Exercise goal
Every entry in the data is to be written out exactly; no picture belongs in the copy.

Excerpted records
=-=-=-=-=

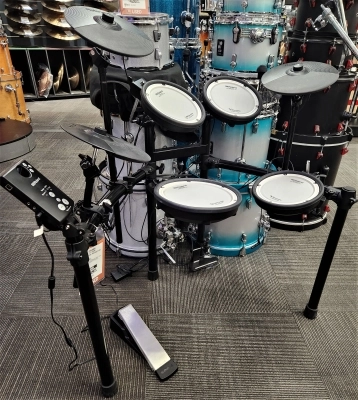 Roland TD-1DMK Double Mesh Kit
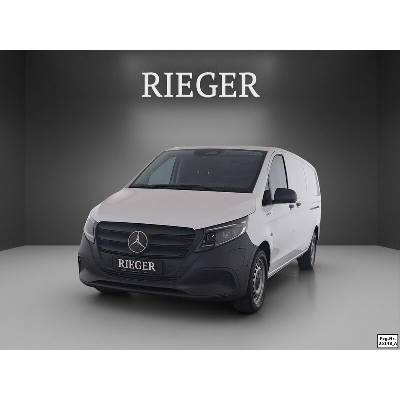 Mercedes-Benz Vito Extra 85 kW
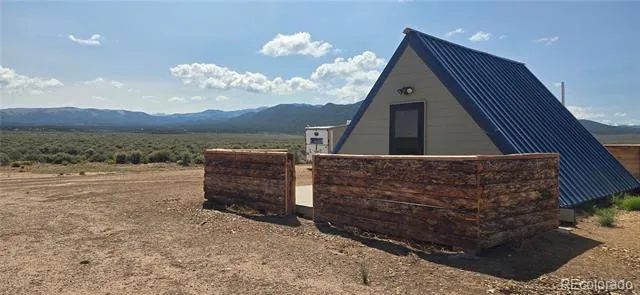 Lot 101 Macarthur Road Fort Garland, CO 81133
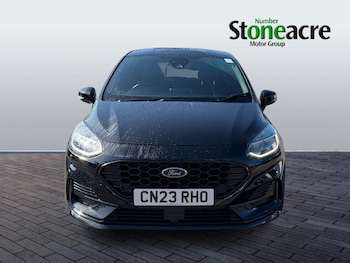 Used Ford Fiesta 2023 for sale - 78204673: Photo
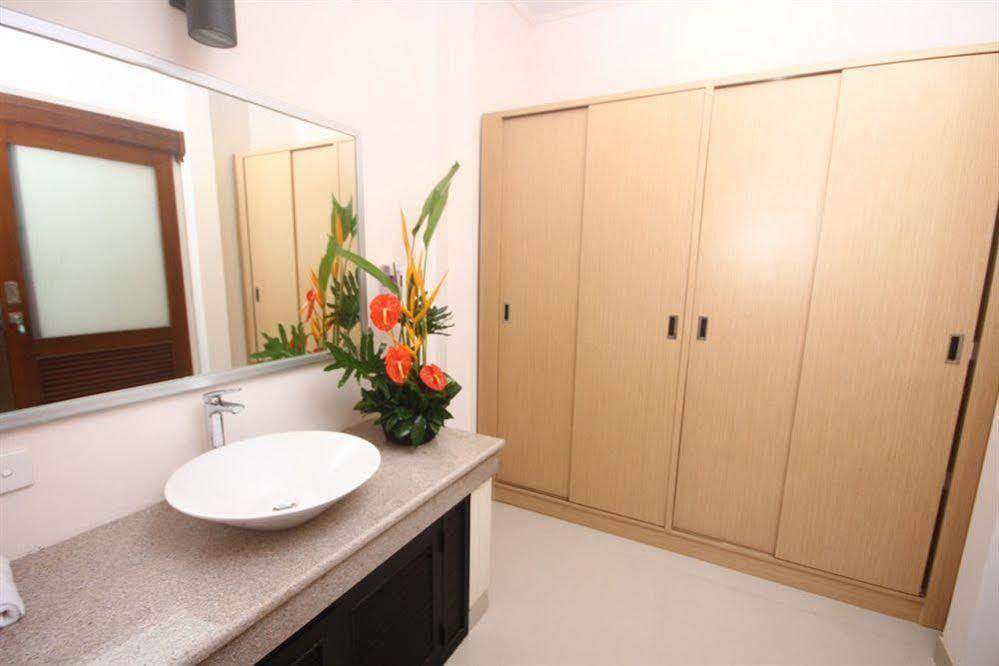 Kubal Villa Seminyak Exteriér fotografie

=-=-=-=-=

Written solution
 Roland TD-1DMK Double Mesh Kit
 Mercedes-Benz Vito Extra 85 kW
 Lot 101 Macarthur Road Fort Garland, CO 81133
 Used Ford Fiesta 2023 for sale - 78204673: Photo
 Kubal Villa Seminyak Exteriér fotografie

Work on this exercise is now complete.